Su padre, el talentoso autor de _Eva_ y de _Cabeza de mujer_, lo había
dicho. «La vida es una novela que se escribe... siempre, o casi siempre,
a gusto del autor». Y Mercedes renegaba de que en todas las páginas de
su historia el Destino fuese escribiendo los mismos párrafos.
A ratos pensaba en imitar el ejemplo de doña Balbina, tan buena, tan
resignada con su suerte, viviendo en la obscuridad, consagrada al
cuidado de su marido y de su hija: pero otros se revelaba, creyendo que
la virtud es enemiga del amor y de la risa, y que es horrible el
porvenir de las mujeres honestas, condenadas a vivir en perpetua minoría
de edad, obedeciendo a sus padres primero, a su marido después: y
entonces el matrimonio le parecía algo absurdo, una institución
monstruosa que ayunta para siempre a dos seres que tal vez habrán de
odiarse el día de tornaboda; una especie de duelo a muerte que sólo
puede terminar con la desaparición de uno de los dos adversarios.
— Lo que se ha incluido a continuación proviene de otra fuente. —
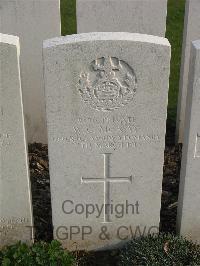 Bailleul Communal Cemetery Extension (Nord) - McKay, W C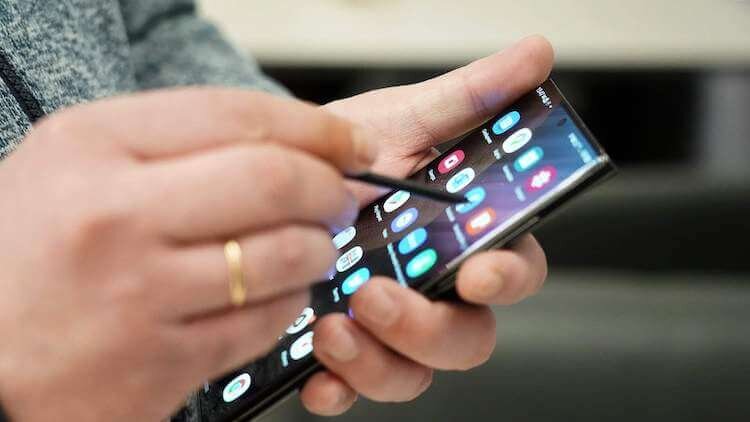    Samsung на этой неделе обновила телефоны семилетней давности.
Y
Mercedes juraba que algunas mujeres, si no tuviesen esperanza de
enviudar, no se casarían nunca.
Aquellos pensamientos determinaban en la joven un estado de perpetua
excitación: siempre, sin saber por qué, esperaba algo nuevo, anormal,
que sobrevendría fatalmente y de sopetón, en forma de ser viviente o de
noticia o de carta, pero que llegaría al fin, cuando más descuidada
estuviese, a romper el aburrimiento de su vida explayando ante su
ilusión nuevos horizontes. Este remedio prodigioso lo esperaba Mercedes
continuamente, a todas horas, de un telegrama que jamás venía, de una
carta que nunca llegaba: en cuanto sonaba el timbre de la puerta acudía
al recibimiento presurosa, queriendo recibir ella misma lo que con tanta
impaciencia aguardaba, y aunque contaba sus desengaños por días, siempre
se dormía conforme, fortalecida por su convicción inquebrantable de ser
dichosa, murmurando:
--Vendrá mañana...
Así vivía, abrazada a un ensueño sin nombre.
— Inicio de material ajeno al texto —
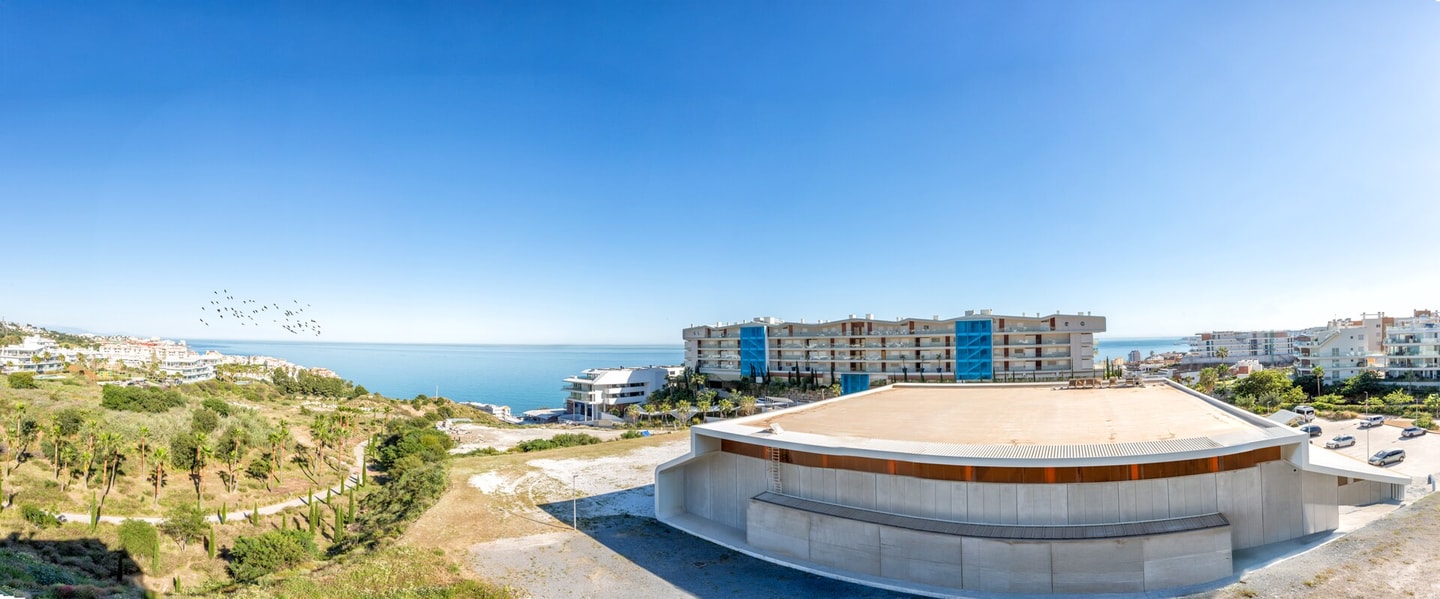 Peninsula · Peninsula / Terrace / Private parking / Pool 36 LYX homes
De algo de esto habló Mercedes con Nicasia y Carmen, una tarde al salir
del Conservatorio; mas ellas, que habían leído muy poco, no supieron qué
decir.
--En los libros--afirmó Carmen--los autores escriben muchas tontunas.
Tú, de todos modos, necesitas un novio.
Y añadió bajando la voz para que Nicasia no la oyese.
--Otro día te contaré lo que hace tiempo me sucedió con Luis...
--¿Cómo?--exclamó Mercedes sorprendida de aquella revelación que no
esperaba--¿tienes novio?
--Sí.
--¿Cómo no me lo habías dicho, hipócrita?
--¡Qué sé yo!... Es amigo de Roberto; un novio muy guapo, muy decidor,
que me da muchos besos...
Y empezó a reír estrepitosamente. Mercedes no hizo ningún gesto: aquello
le parecía muy lógico, muy corriente, pues, según ella recordaba haber
leído en las novelas de Gómez-Urquijo, todos los hombres y las mujeres
que se quieren deben dormir juntos.
Carmen, amohinada por esta impasibilidad, preguntó:
--¿No te gustaría a ti también, tener un novio que te besase?...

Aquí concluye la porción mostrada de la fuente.